The company has until July 28, 2026 — a 180‑day grace period under Nasdaq Listing Rule 5810(c)(3)(A) — to regain compliance by having its share price at or above $1.00 for at least ten consecutive business days. The notice does not immediately affect the current listing or trading of Marwynn’s shares on the Nasdaq Capital Market, and the company plans to monitor its stock price and consider options to restore compliance.
Marwynn Holdings, Inc. reported the results of its 2025 Annual Meeting of Stockholders held on December 15, 2025. As of the October 27, 2025 record date, 17,054,004 shares of common stock and 135,000 shares of Series A Super Voting Preferred Stock were issued, outstanding and entitled to vote. A quorum was present, with 12,403,377 common shares, representing approximately 72.73% of common shares entitled to vote, and all 135,000 preferred shares represented in person or by proxy.

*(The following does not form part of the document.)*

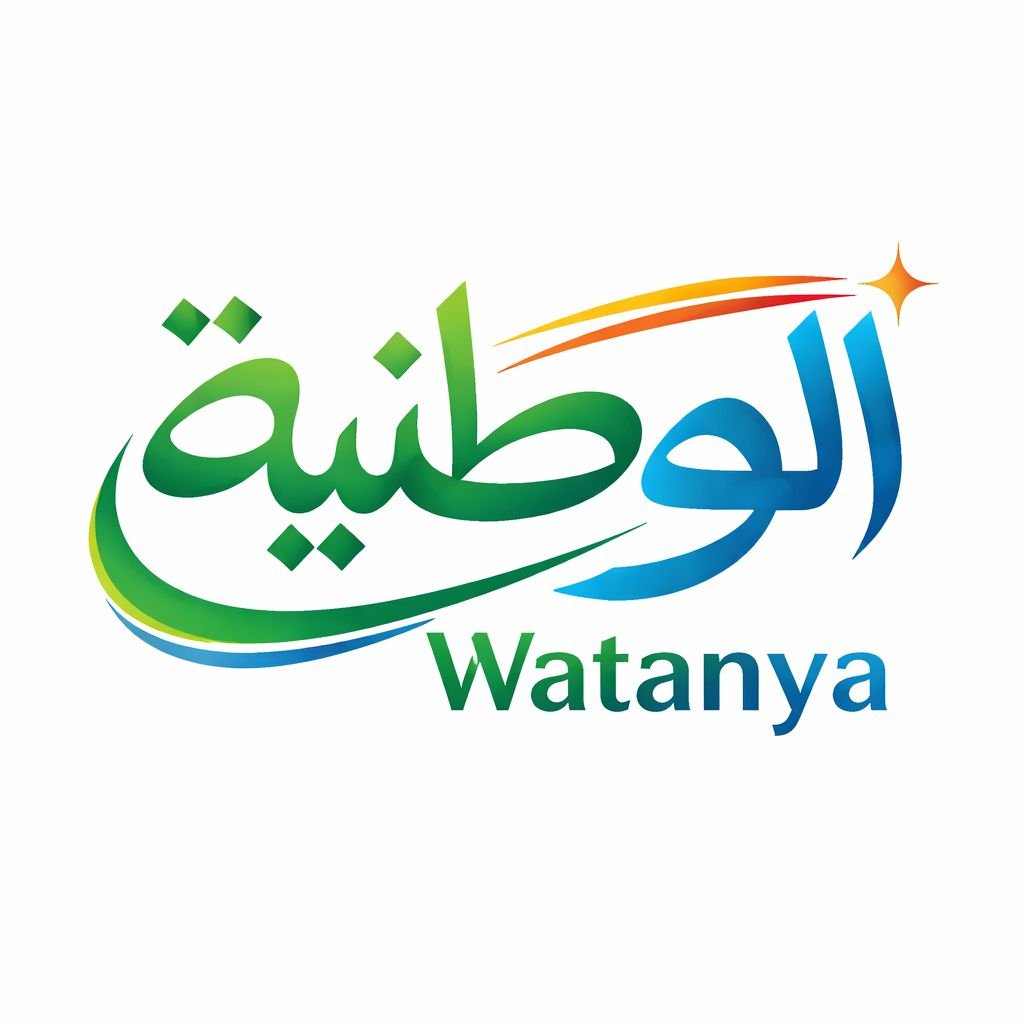 WhatsApp Image 2026-02-01 at 11.10.40 PM (3)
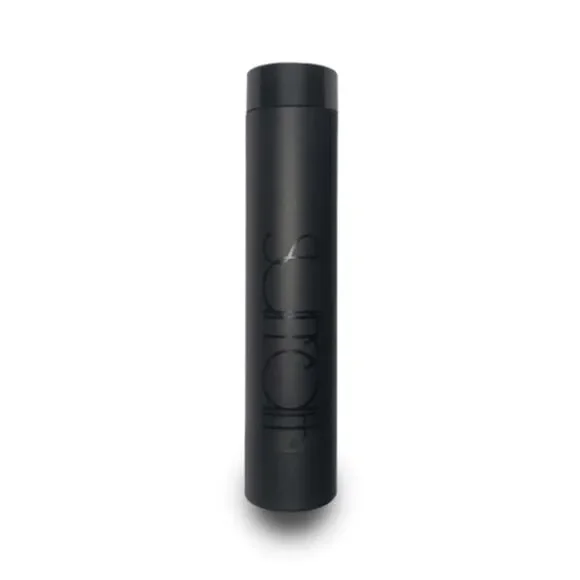 Surratt Beauty Surreal Skin Foundation Wand Refill Shade 15 Medium Bronze 15 ml.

Each common share carried one vote and each Series A Super Voting Preferred share carried 1,000 votes, voting together on all matters. All director nominees, including Yin Yan and Shengnan Xu, were elected; for example, Yin Yan received 147,469,493 votes for, 3,621 withheld and 156,651 broker non-votes. An additional proposal was approved with 147,628,165 votes for, 1,600 against and no abstentions, and each matter received sufficient support to pass.
Marwynn Holdings, Inc. has filed a notice that it will be late submitting its Quarterly Report on Form 10-Q for the fiscal quarter ended October 31, 2025. The company determined it could not complete the report by the normal deadline without unreasonable effort or expense.
Management explains that more time is needed to compile and verify the data to be included and to obtain the necessary internal review of the Form 10-Q. Marwynn states that it hopes to file the quarterly report within the timeframe allowed under Exchange Act Rule 12b-25, which permits a short grace period, or as soon as practicable thereafter. The delayed Form 10-Q will provide the detailed financial results for the quarter once filed.
Marwynn Holdings, Inc. is registering up to 15,532,083 shares of common stock for resale by existing selling stockholders, and will not receive any proceeds from these sales. The shares relate to stock issued in prior private placements and in a 2024 reorganization. Marwynn’s common stock trades on Nasdaq under the symbol MWYN, with a closing price of $0.77 per share on November 21, 2025.
The company is a Nevada holding company whose main operating subsidiary is FuAn, a U.S.–Asia food and non-alcoholic beverage supply chain business. It has agreed to sell its home improvement subsidiary Grand Forest to a third-party buyer, subject to board, stockholder and Nasdaq approvals, and has approved forming a new asset-light e‑waste reverse supply chain subsidiary. Marwynn is an emerging growth and smaller reporting company and is a “controlled company,” as its CEO, Yin Yan, controls about 90.85% of the voting power, largely through super voting preferred stock.